MINERALOGICAL INVESTIGATIONS OF CATHODIC REGIONS OF DISPOSABLE SPENT ALKALINE BATTERIES

Spent alkaline batteries are a global waste stream with many geologic connections. Few details are known regarding the nature of materials in spent alkaline batteries and this is a critical gap in our knowledge for understanding the role these materials play in landfill leachate and for improving recycling methods. Several Duracell type D cell batteries collected from Virginia, Ohio and tourist locations in the Yucatan were investigated to assess the nature of mineralogy of the cathodic portion of these batteries.
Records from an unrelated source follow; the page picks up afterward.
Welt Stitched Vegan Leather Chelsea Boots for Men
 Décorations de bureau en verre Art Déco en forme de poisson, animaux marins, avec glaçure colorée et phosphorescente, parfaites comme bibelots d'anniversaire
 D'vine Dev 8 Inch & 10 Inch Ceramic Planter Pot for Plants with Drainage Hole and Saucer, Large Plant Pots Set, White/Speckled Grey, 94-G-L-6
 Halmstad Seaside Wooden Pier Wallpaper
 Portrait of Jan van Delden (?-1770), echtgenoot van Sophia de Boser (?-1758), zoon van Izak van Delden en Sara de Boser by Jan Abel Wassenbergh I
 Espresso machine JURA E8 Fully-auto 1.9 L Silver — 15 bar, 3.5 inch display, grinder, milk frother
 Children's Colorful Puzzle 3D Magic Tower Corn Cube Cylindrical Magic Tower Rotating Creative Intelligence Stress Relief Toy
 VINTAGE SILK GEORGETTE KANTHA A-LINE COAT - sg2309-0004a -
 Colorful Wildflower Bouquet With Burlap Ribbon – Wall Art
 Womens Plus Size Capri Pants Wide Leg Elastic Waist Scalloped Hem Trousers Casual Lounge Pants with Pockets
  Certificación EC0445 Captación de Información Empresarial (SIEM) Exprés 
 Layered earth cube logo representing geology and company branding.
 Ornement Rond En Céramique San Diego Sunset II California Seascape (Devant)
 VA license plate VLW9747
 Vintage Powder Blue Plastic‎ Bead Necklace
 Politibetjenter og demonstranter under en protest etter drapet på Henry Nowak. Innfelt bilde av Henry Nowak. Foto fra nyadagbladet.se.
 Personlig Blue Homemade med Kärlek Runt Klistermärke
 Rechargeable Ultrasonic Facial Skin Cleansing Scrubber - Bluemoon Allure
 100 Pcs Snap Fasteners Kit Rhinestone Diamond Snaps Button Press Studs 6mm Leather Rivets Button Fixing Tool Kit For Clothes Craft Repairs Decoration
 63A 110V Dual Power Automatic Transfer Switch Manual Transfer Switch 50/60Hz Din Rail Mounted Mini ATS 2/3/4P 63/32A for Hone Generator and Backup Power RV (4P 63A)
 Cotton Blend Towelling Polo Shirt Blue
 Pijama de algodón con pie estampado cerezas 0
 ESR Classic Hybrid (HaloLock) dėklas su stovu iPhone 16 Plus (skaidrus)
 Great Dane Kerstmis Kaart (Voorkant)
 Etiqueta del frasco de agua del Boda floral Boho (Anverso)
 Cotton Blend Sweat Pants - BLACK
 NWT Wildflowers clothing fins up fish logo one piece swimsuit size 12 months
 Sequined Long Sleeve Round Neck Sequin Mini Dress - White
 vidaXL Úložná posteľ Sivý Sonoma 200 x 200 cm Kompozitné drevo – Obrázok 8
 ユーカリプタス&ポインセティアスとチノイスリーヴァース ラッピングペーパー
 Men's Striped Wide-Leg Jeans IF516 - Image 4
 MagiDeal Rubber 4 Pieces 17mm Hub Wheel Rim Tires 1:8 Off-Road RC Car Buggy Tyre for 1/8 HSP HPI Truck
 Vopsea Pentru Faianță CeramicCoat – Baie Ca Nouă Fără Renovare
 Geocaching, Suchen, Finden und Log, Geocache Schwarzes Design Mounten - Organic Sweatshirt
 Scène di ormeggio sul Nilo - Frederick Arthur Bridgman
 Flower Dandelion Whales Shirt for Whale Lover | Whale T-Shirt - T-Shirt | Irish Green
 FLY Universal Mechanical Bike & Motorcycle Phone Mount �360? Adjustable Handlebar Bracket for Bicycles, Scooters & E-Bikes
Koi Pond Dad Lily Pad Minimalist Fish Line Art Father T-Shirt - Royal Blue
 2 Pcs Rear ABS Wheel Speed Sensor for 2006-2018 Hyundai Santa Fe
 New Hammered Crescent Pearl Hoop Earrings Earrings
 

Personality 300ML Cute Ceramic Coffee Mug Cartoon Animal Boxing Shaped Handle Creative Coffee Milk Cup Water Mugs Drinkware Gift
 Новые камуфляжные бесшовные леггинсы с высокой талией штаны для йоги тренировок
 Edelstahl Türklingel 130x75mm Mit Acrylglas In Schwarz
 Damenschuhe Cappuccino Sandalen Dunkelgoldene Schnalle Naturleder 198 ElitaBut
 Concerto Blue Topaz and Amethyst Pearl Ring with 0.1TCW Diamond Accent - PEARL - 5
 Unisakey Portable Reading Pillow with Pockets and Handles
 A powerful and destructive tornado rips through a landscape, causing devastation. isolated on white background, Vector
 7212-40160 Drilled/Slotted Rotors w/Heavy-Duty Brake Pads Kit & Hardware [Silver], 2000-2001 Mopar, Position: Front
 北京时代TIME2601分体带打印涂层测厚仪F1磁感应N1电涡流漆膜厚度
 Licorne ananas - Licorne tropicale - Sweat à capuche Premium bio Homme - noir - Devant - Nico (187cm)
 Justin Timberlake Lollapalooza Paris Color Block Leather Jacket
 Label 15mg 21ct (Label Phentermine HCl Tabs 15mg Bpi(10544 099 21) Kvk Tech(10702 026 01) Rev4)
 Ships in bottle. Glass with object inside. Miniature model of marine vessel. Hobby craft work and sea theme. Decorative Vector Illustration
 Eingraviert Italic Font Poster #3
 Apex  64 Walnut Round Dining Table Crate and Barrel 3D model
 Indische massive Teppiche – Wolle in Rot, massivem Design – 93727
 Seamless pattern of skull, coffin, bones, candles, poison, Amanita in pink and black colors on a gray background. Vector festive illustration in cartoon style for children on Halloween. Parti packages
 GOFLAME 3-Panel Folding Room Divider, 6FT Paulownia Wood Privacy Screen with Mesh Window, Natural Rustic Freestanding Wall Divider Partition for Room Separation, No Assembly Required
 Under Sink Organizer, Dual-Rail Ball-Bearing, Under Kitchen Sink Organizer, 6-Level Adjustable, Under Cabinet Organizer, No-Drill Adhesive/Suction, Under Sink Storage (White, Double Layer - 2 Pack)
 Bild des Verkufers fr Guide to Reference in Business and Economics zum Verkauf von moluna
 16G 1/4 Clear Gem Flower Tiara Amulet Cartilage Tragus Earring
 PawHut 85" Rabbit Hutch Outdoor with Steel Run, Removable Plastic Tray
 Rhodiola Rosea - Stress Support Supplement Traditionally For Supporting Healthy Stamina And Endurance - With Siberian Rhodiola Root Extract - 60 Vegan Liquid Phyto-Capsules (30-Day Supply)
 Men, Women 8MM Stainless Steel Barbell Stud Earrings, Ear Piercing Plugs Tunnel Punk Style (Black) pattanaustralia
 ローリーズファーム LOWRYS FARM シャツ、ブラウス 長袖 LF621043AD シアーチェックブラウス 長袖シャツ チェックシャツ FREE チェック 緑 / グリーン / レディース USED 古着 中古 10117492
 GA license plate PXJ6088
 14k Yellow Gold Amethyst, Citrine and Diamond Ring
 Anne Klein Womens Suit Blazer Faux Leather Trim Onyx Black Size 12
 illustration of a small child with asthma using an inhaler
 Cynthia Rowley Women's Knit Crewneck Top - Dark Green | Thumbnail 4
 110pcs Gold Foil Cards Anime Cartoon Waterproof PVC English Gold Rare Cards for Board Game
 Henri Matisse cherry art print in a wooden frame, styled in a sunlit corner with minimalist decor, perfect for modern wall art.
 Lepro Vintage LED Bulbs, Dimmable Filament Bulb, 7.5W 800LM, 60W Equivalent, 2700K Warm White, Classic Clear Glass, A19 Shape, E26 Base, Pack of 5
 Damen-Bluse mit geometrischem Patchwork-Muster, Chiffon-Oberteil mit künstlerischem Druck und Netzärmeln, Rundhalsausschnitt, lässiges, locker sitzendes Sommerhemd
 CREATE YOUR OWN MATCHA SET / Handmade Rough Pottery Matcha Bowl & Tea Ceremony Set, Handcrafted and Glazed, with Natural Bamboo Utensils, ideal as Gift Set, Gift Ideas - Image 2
Cathodic material in approximately 90% of batteries is poorly crystalline Mn-oxides and cathodic material in approximately 10% of spent batteries is dominantly hetaerolite, a zinc manganese spinel. Transmission electron microscopy (TEM) investigation indicates that poorly crystalline Mn-oxide particles are anhedral and irregular in shape and the diameters of particles vary between 50 nanometers and 3 micrometers, Chemical composition varies for poorly crystalline Mn-oxide particles with concentrations being SiO₂ (0.00-1.52 wt %), TiO₂ (0.49-4.58 wt%), MnO (65.85-92.06 wt%), ZnO (1.00-7.53 wt%), K₂O (4.97-20.48 wt%) and SO₃ (0.43-2.21 wt%). Elemental mapping of poorly crystalline oxides indicates that spatial distribution of elements is reasonably uniform. Common, but minor amounts of zinc and titanium crystals occur. Zinc crystals are elongated and vary from a maximum of approximately 0.8 micrometers long x 0.15 micrometers, to 100 nanometers long x 20 nanometers wide. Titanium metal particles are rounded and are 100 to 200 nanometers in diameter. Hetaerolite crystals are subhedral to euhedral octahedra, commonly 50 to 200 nm in diameter and are uniform in chemical composition. Textures consistent with either gas bubble formation or bacterial-related mineralization are common in hetaerolite rich material.

Results of this investigation provide constraints for understanding interactions of spent alkaline batteries with landfill leachate and provide insight into potential recycling methods using industrial mineral approaches.